Various thoughts from a rookie "Music Coordinator". All are, of course, IMO. I'll focus on stage setup (as opposed to choir/ensemble transition), as I have thought more seriously about that.
Stage layout - practically speaking - is dependent on the following:
Physical characteristics of the venue.
By this, I mean what can be done varies greatly between an open-air ampitheater, a "theater-style" stage, a traditional church sanctuary, and a church held in a rented facility.
As an example, my own church has a fairly traditional stage, fairly wide and not particularly deep prior to the stepped area for the choir space. As a result, our band location has to be driven to one or both sides, unless we're willing to tear down the choir seating, deal with stepped areas, or want to do more major construction in the area.
Composition and skill of the musicians
. By this, I simply mean (1) how many musicians you will have and (2) what kind of equipment and space will be required. A church with a pipe organist and a full orchestra will likely have very precise requirements on what space is allowable : while a church consisting of a guitar player or two has a great deal more flexibility in location and size.
At our church, we normally have a one or two guitarists, a bass, drums, and on occasion either a keyboard/piano player, saxaphonist, or harmonica player. When we use the piano, its fixed location tends to create challenges for the band.
Composition and ability of the equipment
. By this I primarily mean what kind or sound equipment is available and where it is located. The availibility of sound inputs, and location and quality of monitors, can really impact where musicians can practically be and still hear other musicians.
At our own church, the piano is located on one end of the stage (in a 'pit', and the majority of sound input/output (for mics, monitors, etc.) is located on the other end of the stage. As a result, it is difficult to use the piano in conjunction with the band while keeping both 'ends' of the stage together and on the same beat.
Flexibility of the congregation
, meant as kindly as possible. The best possible stage arrangement may not be the best, if it's arrangement is going to cause too many distractions to the congregation. Placing the electric guitarist "front-and-center" may be in some locations too distracting from a worship experience, despite any acoustic advantages it might provide.
What is allowable.
Simply put, needs of other ministries, desires of the staff, or other factors ( such as fire code, etc. ) may place constraints on what can be done where.
At my own church, the piano (as listed above) is on the "wrong end" of the stage from the I/O locations for the band. However, moving it is not an option, because of the impact it might have on other ministries (in this case, the traditional choir program).
From a personal perspective, about five months ago we did some stage re-arrangement as the summer months began. I sought input (and approval) from the staff as a whole, as well as input from the band members. We ended up moving the (electronic) drum kit and bass from the floor to far stage left, behind the guitar players (who were already on the end of stage left because of lack of space on the floor).

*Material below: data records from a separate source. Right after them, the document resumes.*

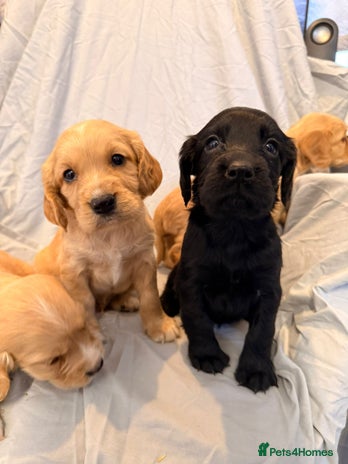 Cocker Spaniel dogs FTC KC Registered Cocker Spaniel Puppies - Advert 2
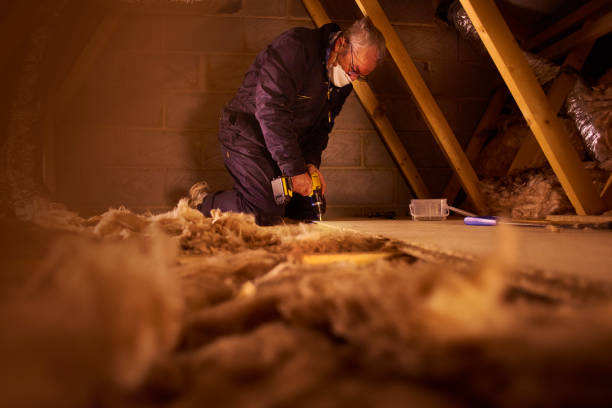Types of Insulation We Offer in Carrollton, TX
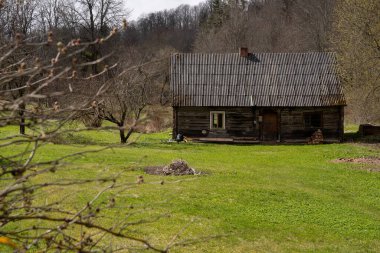 bahar yeşil manzarası ile eski siyah ahşap bir ev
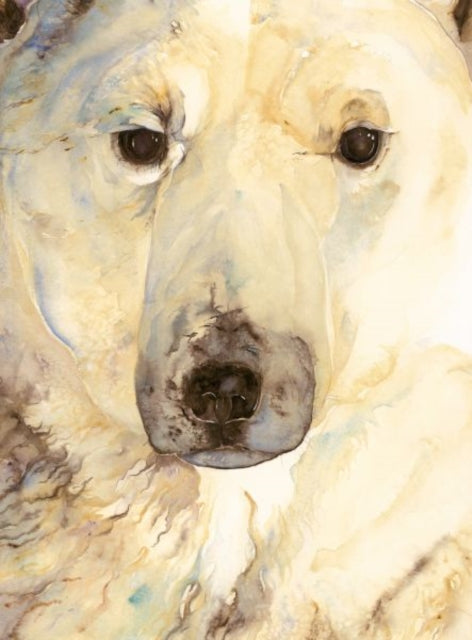 Ice Bear, The - Artist Edition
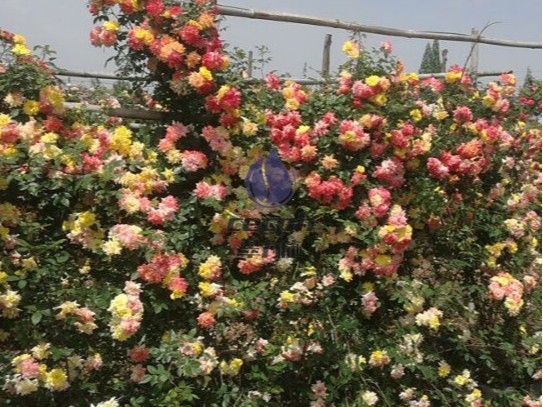 磷酸二氫鉀適合哪些花？來看王大哥怎么做
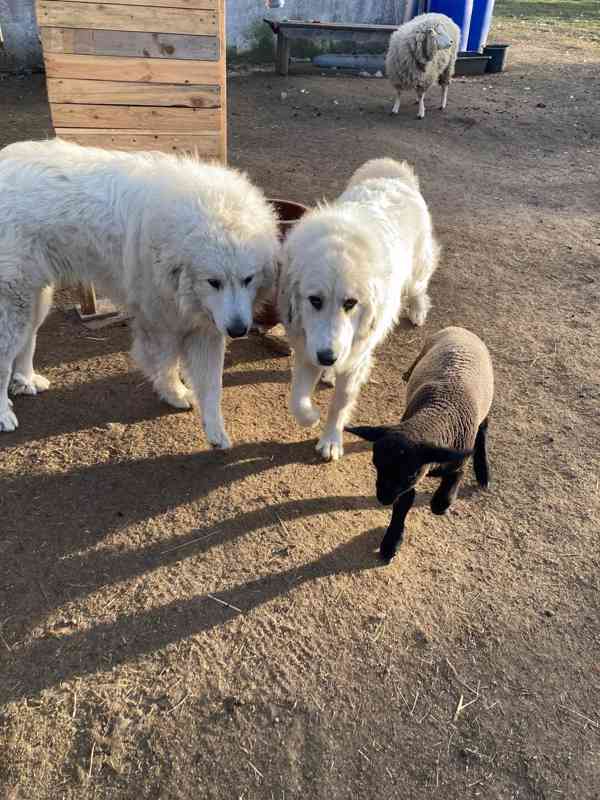 Štěňata pyrenejského psa  - foto 11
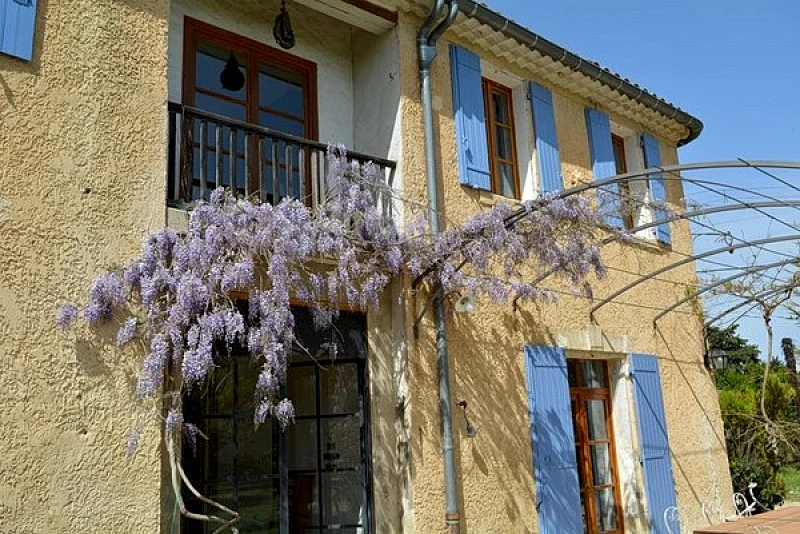 Mas La Vitalis, L'Isle Sur La Sorgue. Holiday Rentals & B&B in L'Isle Sur La Sorgue, Cavaillon, France — photo 3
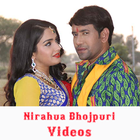 Dinesh Lal Yadav Songs - Nirahua Bhojpuri Videos icon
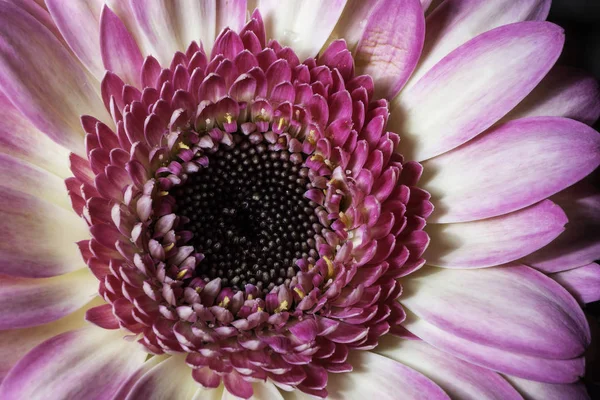 Rosa Gerbera Close Imagem Macro — Fotografia de Stock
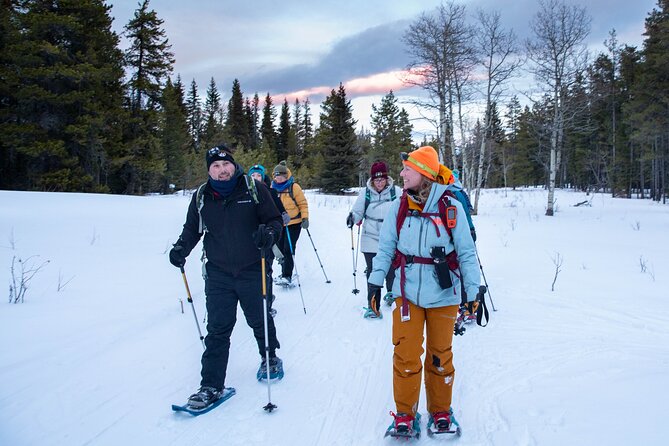 Night Snowshoeing Near Castle Mountain Resort With Local Guide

The move was not done to be more "showy" or performance-based, but strictly from a hearing perspective. Rearranging the band members moved them closer together. It increased their ability to hear one another (our monitor system isn't very good), and as a result we had a noticable improvement in the overall sound of the band.

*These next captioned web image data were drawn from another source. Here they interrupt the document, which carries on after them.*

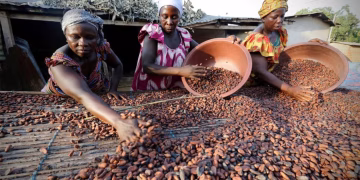 Poll Shows Majority of Farmers accept new Cocoa Price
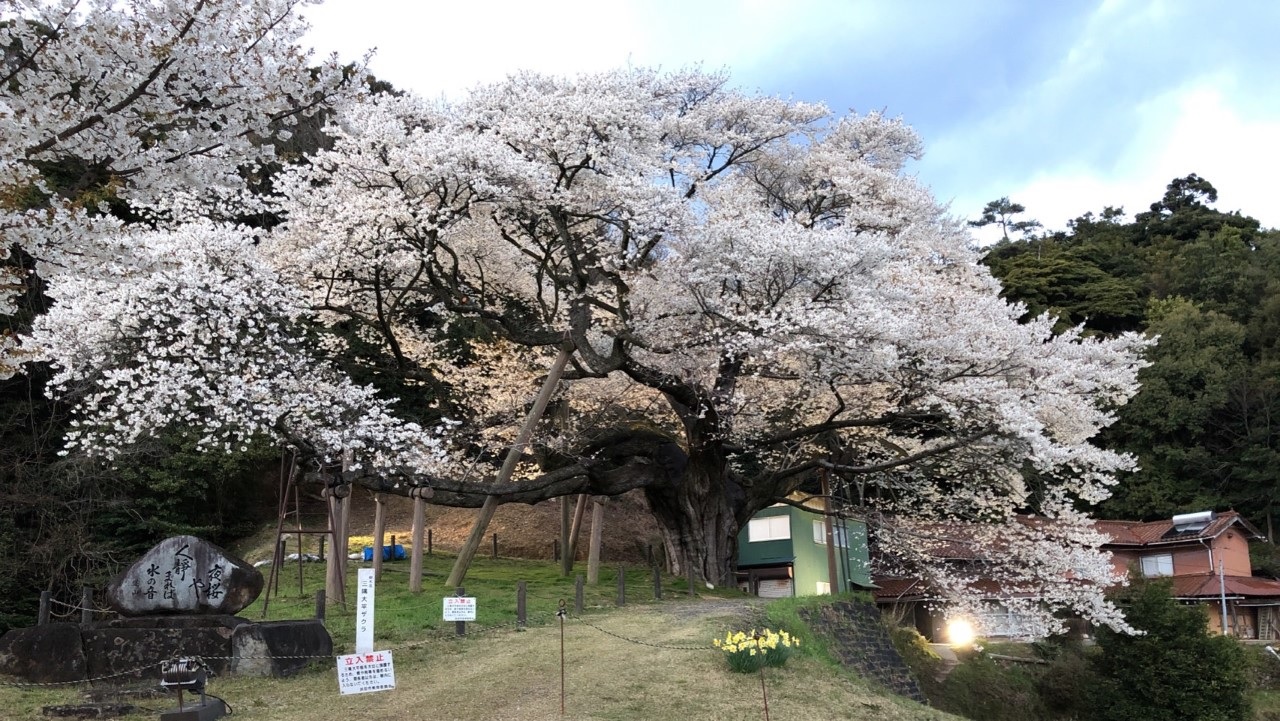 三隅大平桜 ショーゴの山歩き 西中国山地彷徨記録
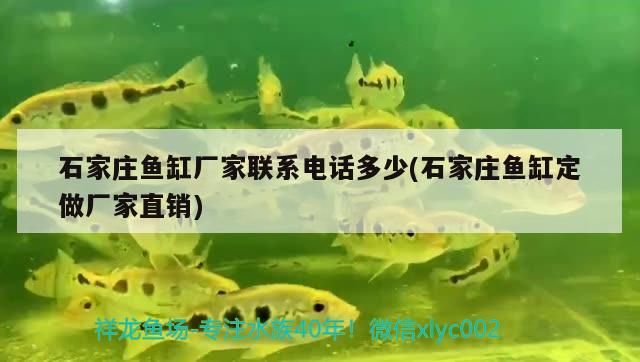 昌平魚缸清洗服務電話（ 昌平賣觀賞魚的地方）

And, quite frankly, a better-sounding band makes fewer distractions in the service, and helps people think more about the content of the music (e.g. lyrics) and less about the presentation (being off-the-beat, off-key, etc).
I'm certain we may have had a few who were unhappy with the change, but after the adjustment period it's no longer any kind of issue. I feel it was the right decision, and honoring to God. I'm still not particularly happy with the distance between the band and the piano, but haven't found an arrangement that would improve the quality of music without providing new challenges to other portions of the service.